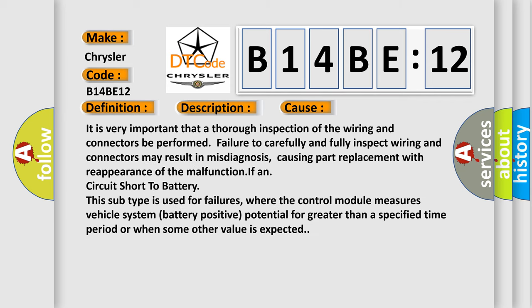It is very important that a thorough inspection of the wiring and connectors be performed. Failure to carefully and fully inspect wiring and connectors may result in misdiagnosis, causing part replacement with reappearance of the malfunction.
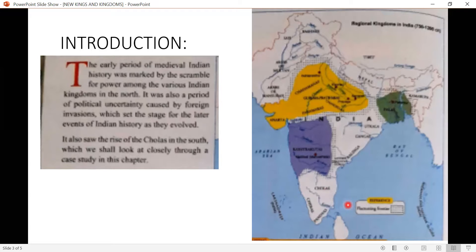These three kingdoms — Cheras, Cholas, and Pandyas — come in the south region of India and have different case studies that we will learn in further chapters. There is still a lot to study before that. After the introduction, we are going to cover the Tripartite Struggle, then the Gurjara-Pratiharas, then the Palas, Rashtrakutas, and many other things including the Turkish invaders.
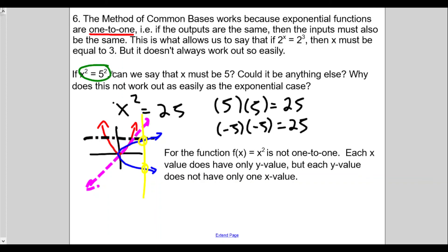I hope that's helpful in understanding that we can use the idea of common basis to solve for the variable when the variable is an exponent, because the exponential function is one-to-one. We cannot use the same concept for a quadratic function or any function that is not one-to-one — yes, we can plug inputs to get outputs, but we can't necessarily get one unique input from outputs. This is the end of Algebra 2 exponential functions lesson 5, the method of common basis homework review part 3.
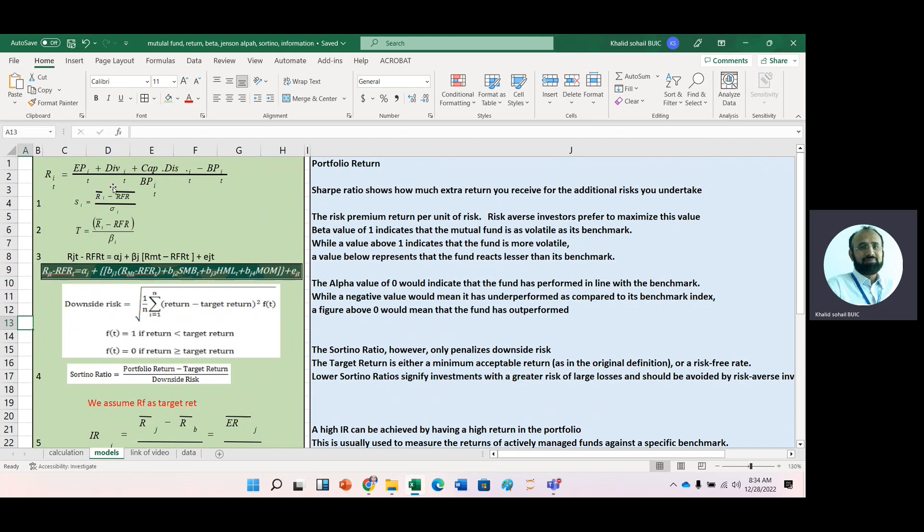Now, what does these ratios tell us, like Sharpe ratio? Looking at this Sharpe ratio, the numerator is basically portfolio risk premium. It is average portfolio returns, means it is average return of any fund, and then we subtract average risk-free rate, and that is divided by portfolio standard deviation. So Sharpe ratio basically tells us how much extra return that we will receive for additional risk we undertake.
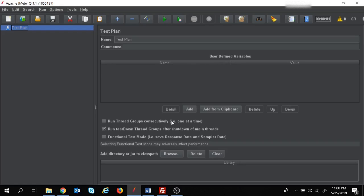Hi everyone, welcome to another session on JMeter tutorial. In the previous sessions we have learned how we can test our web applications, APIs, or databases with the help of JMeter. In today's session we are going to learn how we can test FTP sites using JMeter.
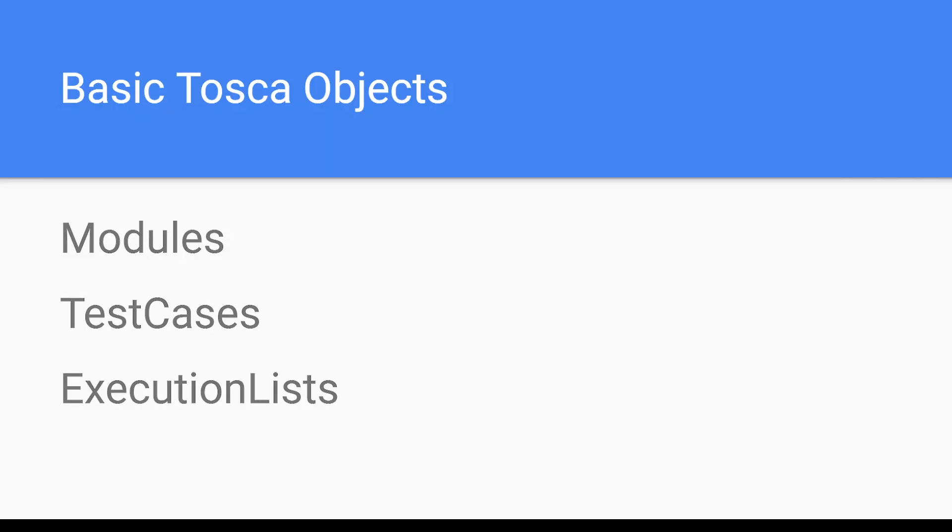Modules contain the technical information required to identify and steer a control on the screen. Test cases are nothing but your sequence of tests along with the test data. Execution lists serve to plan and manage your test execution.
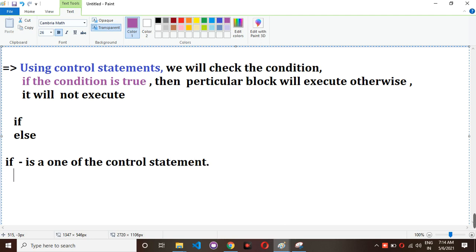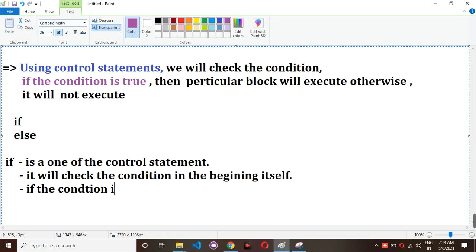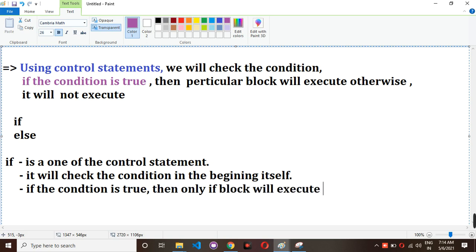The 'if' statement checks the condition at the beginning itself. If the condition is true, then only the 'if' block will execute. If the condition is not true, then the 'if' block will not execute.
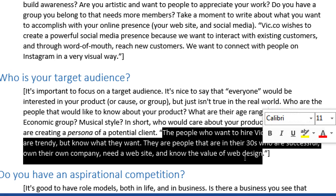You have to be really specific. In the field of marketing there's this concept of a persona — instead of creating a product and simply trying to sell it to a nameless group, we actually develop a person, a persona, a real made-up person who would be interested in our product. This can be pretty complex — someone with an actual name, a story, a home they live in. Here's a condensed version: people in their 30s, trendy but know what they want, successful, and understand the value of web design.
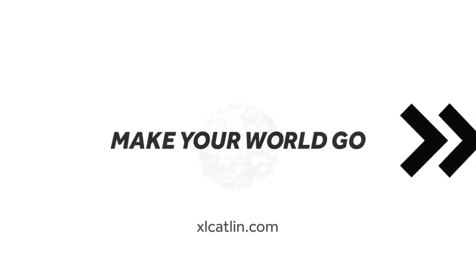What we do know is that if there's a way to help keep your world moving forward, we'll find it. XL Catlin. Make your world go.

To do: In the answer, the lines from the one containing "You have to" to the end of the records above must be written out exactly, both ends included; the pictures must not appear.

Task output:
You have to be really specific. In the field of marketing there's this concept of a persona — instead of creating a product and simply trying to sell it to a nameless group, we actually develop a person, a persona, a real made-up person who would be interested in our product. This can be pretty complex — someone with an actual name, a story, a home they live in. Here's a condensed version: people in their 30s, trendy but know what they want, successful, and understand the value of web design.
What we do know is that if there's a way to help keep your world moving forward, we'll find it. XL Catlin. Make your world go.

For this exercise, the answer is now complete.